Your task ▸
Write out the data that follows exactly, keeping every picture out.

========================

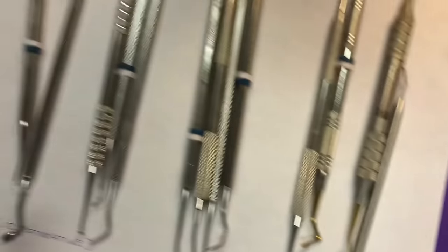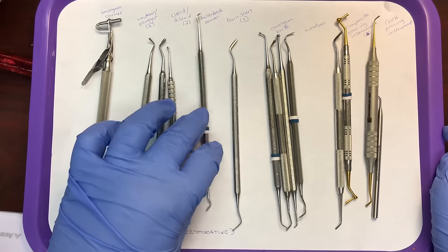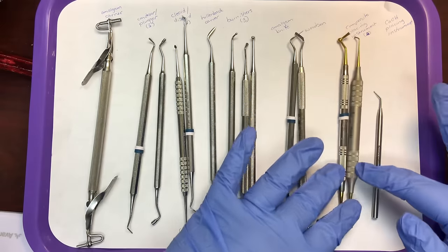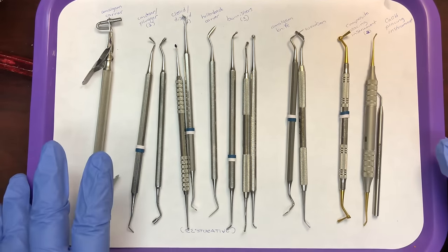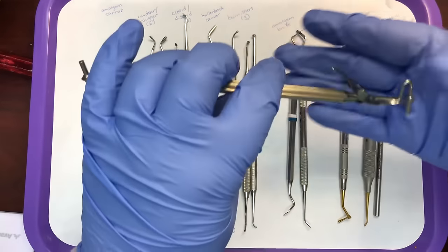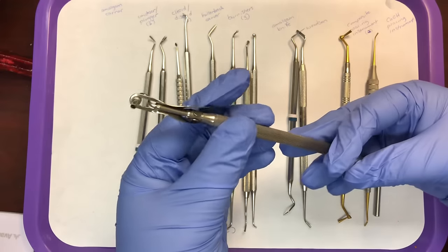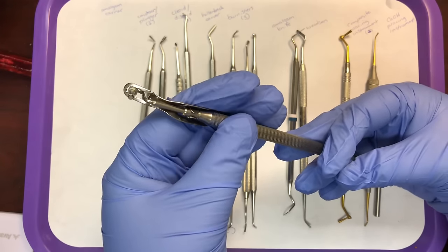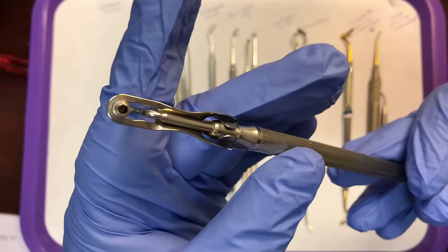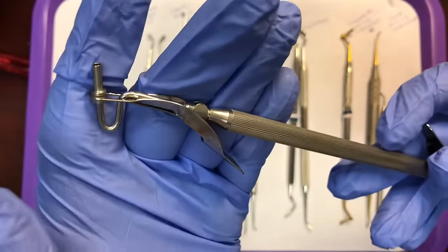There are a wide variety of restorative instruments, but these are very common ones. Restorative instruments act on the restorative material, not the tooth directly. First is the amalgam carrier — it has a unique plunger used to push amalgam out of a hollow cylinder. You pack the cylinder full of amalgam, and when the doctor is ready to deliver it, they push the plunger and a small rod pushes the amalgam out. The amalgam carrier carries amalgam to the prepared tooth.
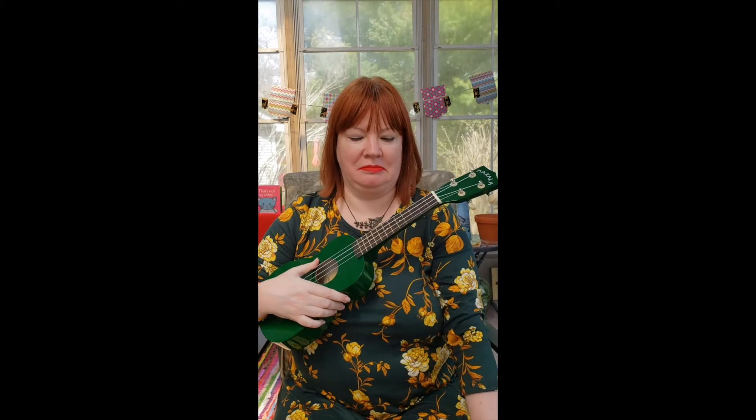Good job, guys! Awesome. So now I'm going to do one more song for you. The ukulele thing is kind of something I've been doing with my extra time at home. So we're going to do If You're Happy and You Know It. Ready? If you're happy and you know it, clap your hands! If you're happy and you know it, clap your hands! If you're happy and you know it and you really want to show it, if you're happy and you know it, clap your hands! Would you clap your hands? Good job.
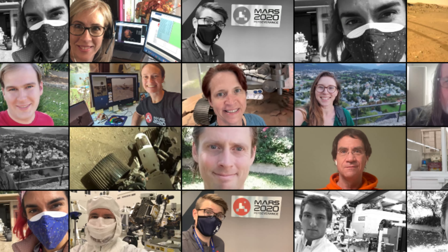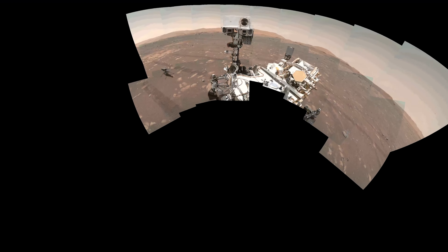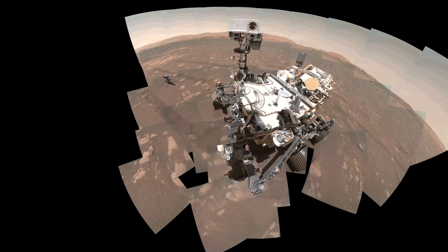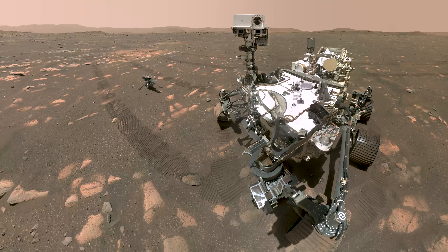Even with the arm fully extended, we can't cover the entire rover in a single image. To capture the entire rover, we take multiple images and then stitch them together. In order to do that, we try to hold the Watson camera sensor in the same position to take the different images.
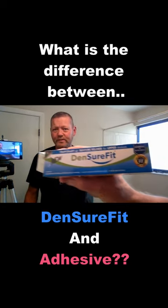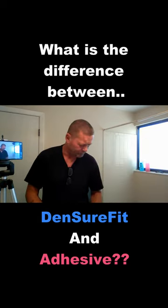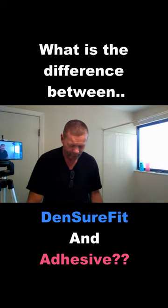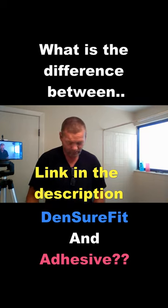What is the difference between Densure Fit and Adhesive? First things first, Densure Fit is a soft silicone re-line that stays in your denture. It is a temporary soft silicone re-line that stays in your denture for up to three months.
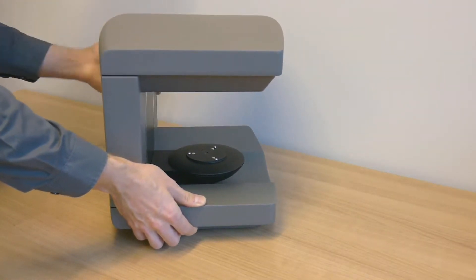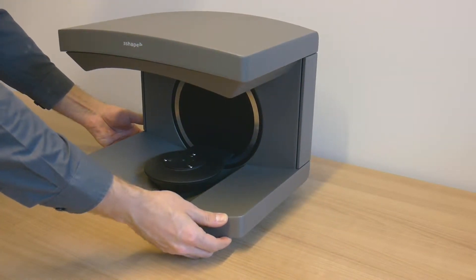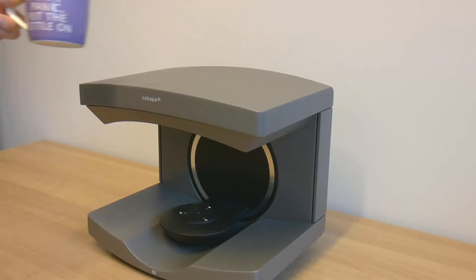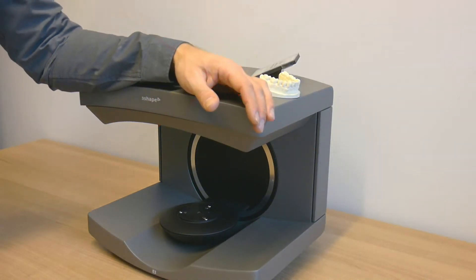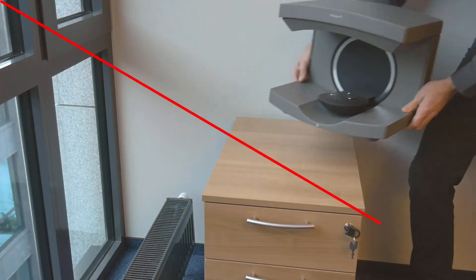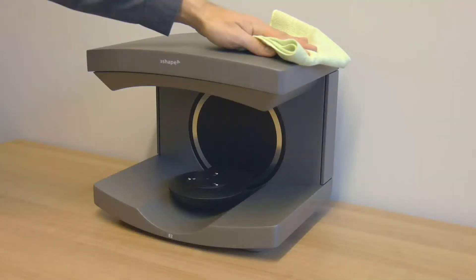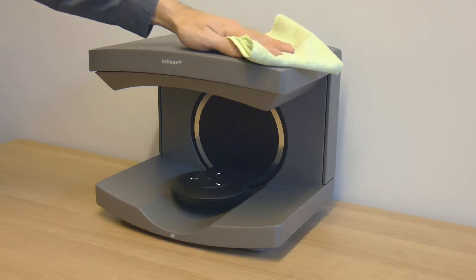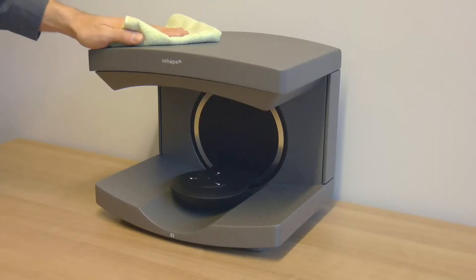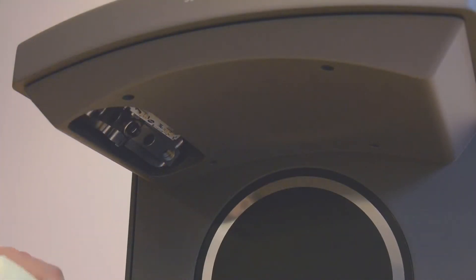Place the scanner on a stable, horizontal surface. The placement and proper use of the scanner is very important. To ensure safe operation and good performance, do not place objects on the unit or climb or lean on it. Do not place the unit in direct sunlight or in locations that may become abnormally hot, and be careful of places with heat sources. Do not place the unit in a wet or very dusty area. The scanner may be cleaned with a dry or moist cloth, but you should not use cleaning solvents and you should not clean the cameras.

========================

Task answer ▸
There are a wide variety of restorative instruments, but these are very common ones. Restorative instruments act on the restorative material, not the tooth directly. First is the amalgam carrier — it has a unique plunger used to push amalgam out of a hollow cylinder. You pack the cylinder full of amalgam, and when the doctor is ready to deliver it, they push the plunger and a small rod pushes the amalgam out. The amalgam carrier carries amalgam to the prepared tooth.
Good job, guys! Awesome. So now I'm going to do one more song for you. The ukulele thing is kind of something I've been doing with my extra time at home. So we're going to do If You're Happy and You Know It. Ready? If you're happy and you know it, clap your hands! If you're happy and you know it, clap your hands! If you're happy and you know it and you really want to show it, if you're happy and you know it, clap your hands! Would you clap your hands? Good job.
Even with the arm fully extended, we can't cover the entire rover in a single image. To capture the entire rover, we take multiple images and then stitch them together. In order to do that, we try to hold the Watson camera sensor in the same position to take the different images.
What is the difference between Densure Fit and Adhesive? First things first, Densure Fit is a soft silicone re-line that stays in your denture. It is a temporary soft silicone re-line that stays in your denture for up to three months.
Place the scanner on a stable, horizontal surface. The placement and proper use of the scanner is very important. To ensure safe operation and good performance, do not place objects on the unit or climb or lean on it. Do not place the unit in direct sunlight or in locations that may become abnormally hot, and be careful of places with heat sources. Do not place the unit in a wet or very dusty area. The scanner may be cleaned with a dry or moist cloth, but you should not use cleaning solvents and you should not clean the cameras.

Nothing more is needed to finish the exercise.